- **RECORDS TO USE**

=== Section Start ===

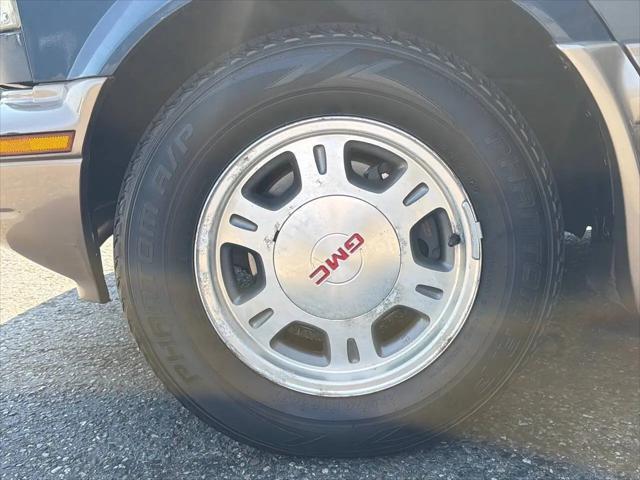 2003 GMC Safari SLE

=== Section End ===
=== Section Start ===

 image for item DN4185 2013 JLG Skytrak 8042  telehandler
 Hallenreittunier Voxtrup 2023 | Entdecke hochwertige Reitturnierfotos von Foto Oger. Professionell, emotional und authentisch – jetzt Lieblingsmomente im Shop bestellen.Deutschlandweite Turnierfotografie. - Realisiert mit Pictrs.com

=== Section End ===
=== Section Start ===

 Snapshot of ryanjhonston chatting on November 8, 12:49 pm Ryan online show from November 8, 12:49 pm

=== Section End ===

- **WHAT YOU WILL DO**
Copy the lines above exactly, beginning at the line that has "image for item" and stopping after the line that has "Hallenreittunier Voxtrup 2023", and omit the rest.

- **RESPONSE**
 image for item DN4185 2013 JLG Skytrak 8042  telehandler
 Hallenreittunier Voxtrup 2023 | Entdecke hochwertige Reitturnierfotos von Foto Oger. Professionell, emotional und authentisch – jetzt Lieblingsmomente im Shop bestellen.Deutschlandweite Turnierfotografie. - Realisiert mit Pictrs.com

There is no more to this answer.